- [Try it] From the material below, copy exactly the lines beginning with the one that contains "yr08102022r7-53 - Race" and ending with the one that contains "南非羚羊队的技术全面：从防守到进攻，他们都以无可挑剔的表现闪耀"; the pictures stay out.

- [Data excerpts]
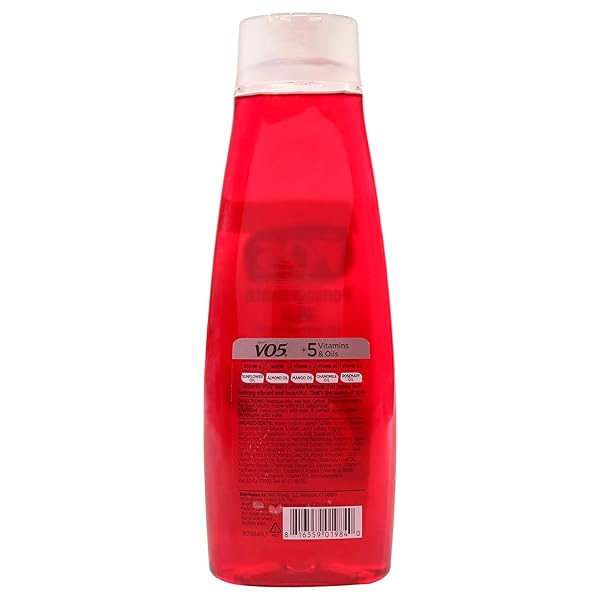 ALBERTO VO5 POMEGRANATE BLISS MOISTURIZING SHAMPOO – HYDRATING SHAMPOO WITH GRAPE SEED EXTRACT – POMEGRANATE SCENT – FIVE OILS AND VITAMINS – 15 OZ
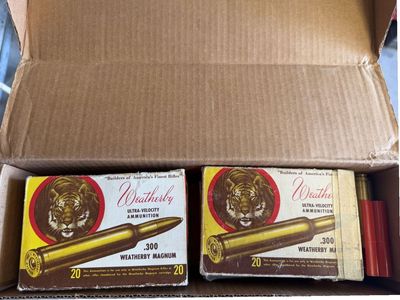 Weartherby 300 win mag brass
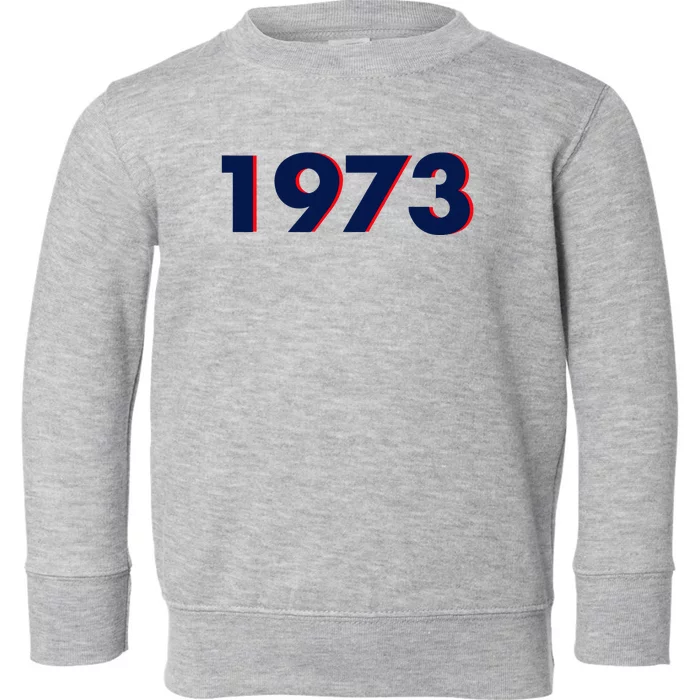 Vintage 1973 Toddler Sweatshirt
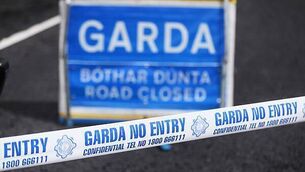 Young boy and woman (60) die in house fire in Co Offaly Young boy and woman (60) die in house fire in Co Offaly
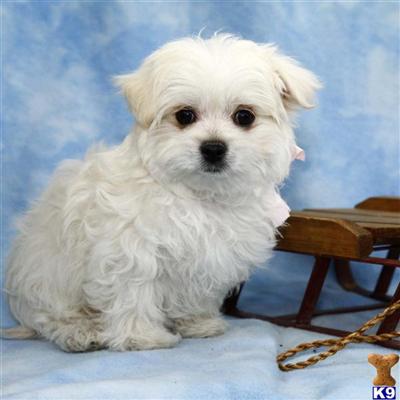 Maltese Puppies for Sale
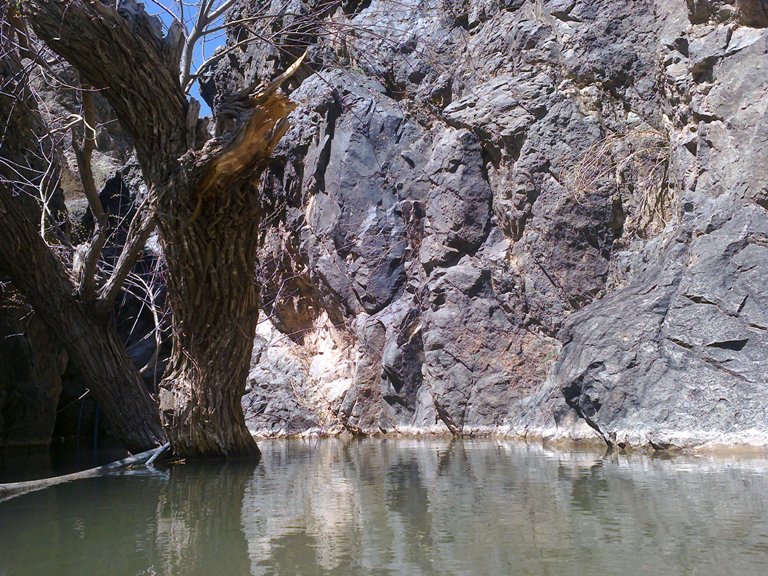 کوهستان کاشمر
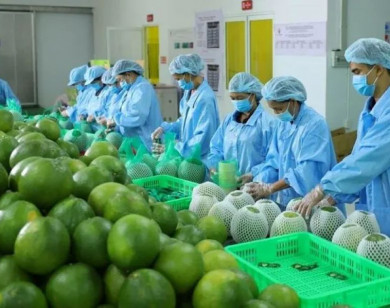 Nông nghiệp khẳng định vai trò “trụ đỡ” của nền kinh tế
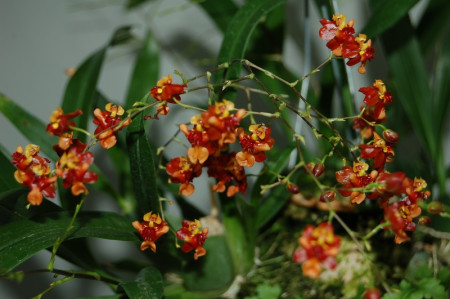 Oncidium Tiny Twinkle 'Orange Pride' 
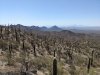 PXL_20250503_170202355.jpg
* * *
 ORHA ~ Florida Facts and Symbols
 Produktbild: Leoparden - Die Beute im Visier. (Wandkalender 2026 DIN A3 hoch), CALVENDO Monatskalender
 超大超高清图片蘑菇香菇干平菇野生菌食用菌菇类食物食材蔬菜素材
...
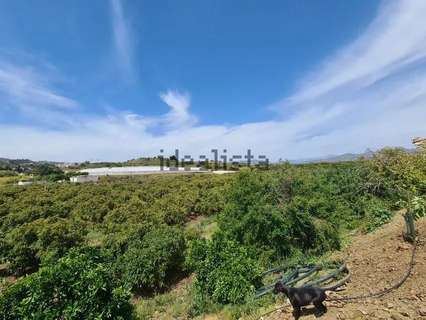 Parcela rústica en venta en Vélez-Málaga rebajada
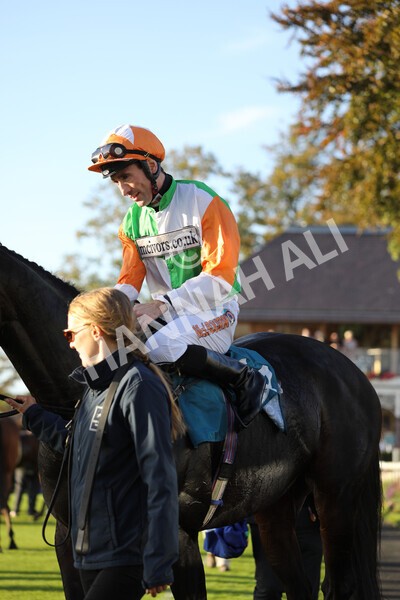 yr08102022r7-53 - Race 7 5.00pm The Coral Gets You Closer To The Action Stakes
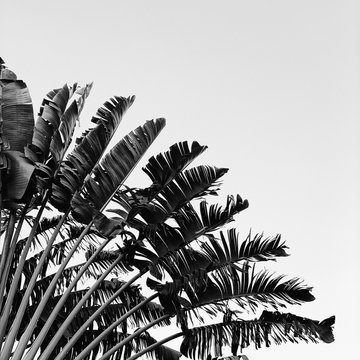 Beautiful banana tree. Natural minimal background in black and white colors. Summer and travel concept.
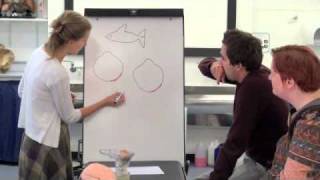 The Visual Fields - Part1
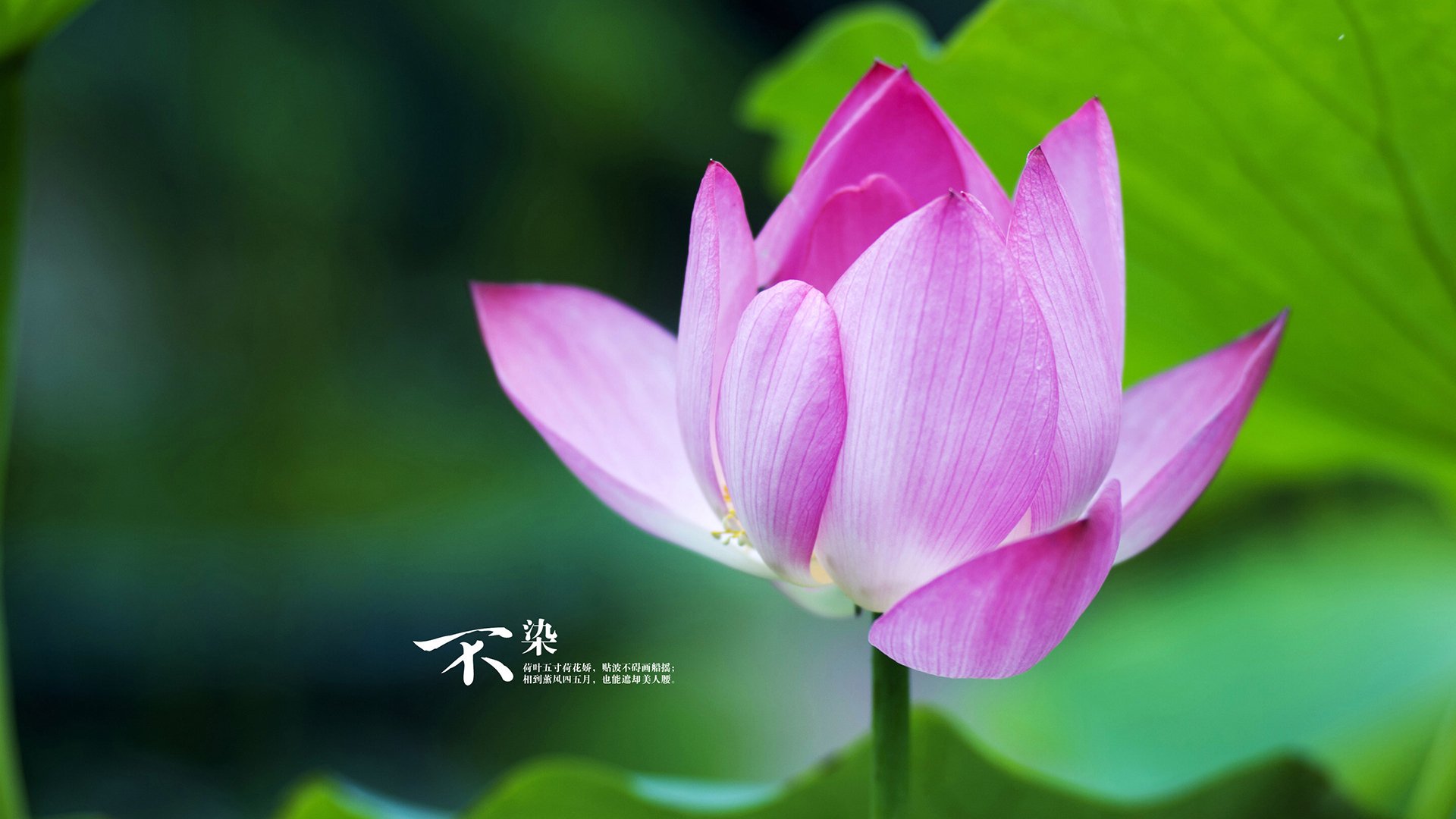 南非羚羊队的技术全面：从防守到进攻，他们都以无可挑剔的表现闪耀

- [Task result]
 yr08102022r7-53 - Race 7 5.00pm The Coral Gets You Closer To The Action Stakes
 Beautiful banana tree. Natural minimal background in black and white colors. Summer and travel concept.
 The Visual Fields - Part1
 南非羚羊队的技术全面：从防守到进攻，他们都以无可挑剔的表现闪耀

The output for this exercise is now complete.